There are many different submarkets in the UK property sector whether you are looking for buy to let, newbuilds, redevelopments or HMOs to name but a few. Sometimes we are in danger of making things more complicated than they should be and this is perhaps a reason why buying property in university cities makes perfect sense. Why reinvent the wheel?
Reduced risk of renting to students
Students are not the only tenants in town
Upward pressure on rent rates
Large and growing population
When we consider university cities we tend to focus on students alone when this is just part of the overall picture. There are many people connected to the university, aside from students, and as more and more universities look to spin-off their business ideas, this has created yet another interesting sub market. The make-up of the local population may change on a constant basis, with many people coming and going, but university cities tend to have a relatively high local population. Perfect for property rental!
Students are not an overly risky investment
While “students will still be students” many people have the wrong idea about rental risk when focusing on the student market. Student accommodation today is very different to that of years gone by, parents and students are willing to pay for better accommodation and this is reflected in the way in which students treat their rental properties. The days of students jumping ship and leaving large rental arrears have long gone, everything is paid in advance, bills are often part of the monthly rent and this has significantly reduced the risk.
Students are not the only potential tenants
As we touched on above, there tend to be large populations around university cities and this opens new markets for potential tenants aside from students. University workers, touring lecturers and the constant array of new businesses which emerge from the modern day university have created a whole new rental market. Students may be the bread-and-butter, they come and go on a regular basis and demand remains high, but many non-student tenants will be looking for long-term arrangements.
Upward pressure on rents
University cities tend to attract new business, improving services, great demand for property and this is very often the fuel required for upward pressure on rents. As with any rental market there will be a ceiling, a point at which it is too expensive for many people, but gradual rental increases are the norm in university cities as opposed to the exception. If a university has a growing reputation this will attract even greater demand which creates an environment in which rents are more likely to go higher than lower. We appreciate nothing if ever guaranteed but competition for accommodation can see people willing to pay top dollar.
Upward pressure on property values
A growing population, thriving local economy, constant demand for accommodation and to a certain extent some insulation from the full effects of recession are attractive to real estate investors. We’re not suggesting that university cities are fully insulated from the effects of recession but on average property price growth is greater in university cities than the UK average.

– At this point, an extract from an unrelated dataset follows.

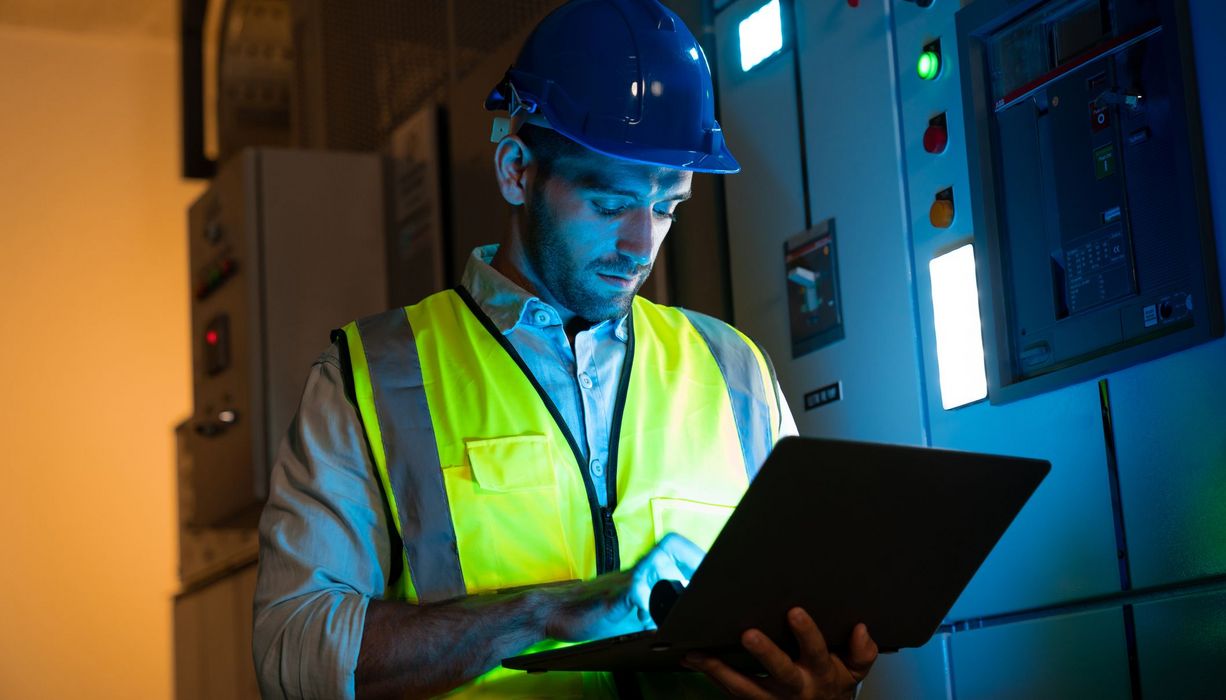 Elektroingenieur bei der Arbeit.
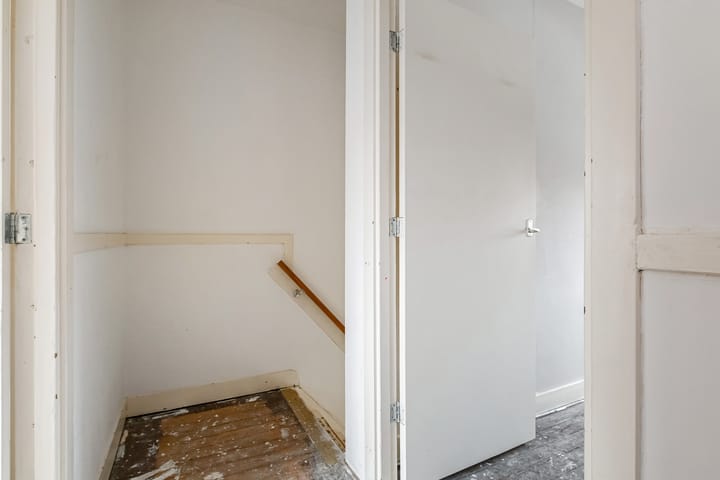 Tussenwoning te koop: Emmastraat 10, Voorburg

University cities in the UK continue to grow in population, especially those with a good reputation, attracting both domestic and overseas students. This creates intense demand for rental property and the majority of university cities see above average rent and property price growth. To a certain extent many of these cities are shielded from the full effects of recession because even in recessionary times students will continue to apply for university places in great numbers. Indeed, there is an argument that in recessionary times students are looking for the best qualifications they can get and what better place than a university with a good reputation?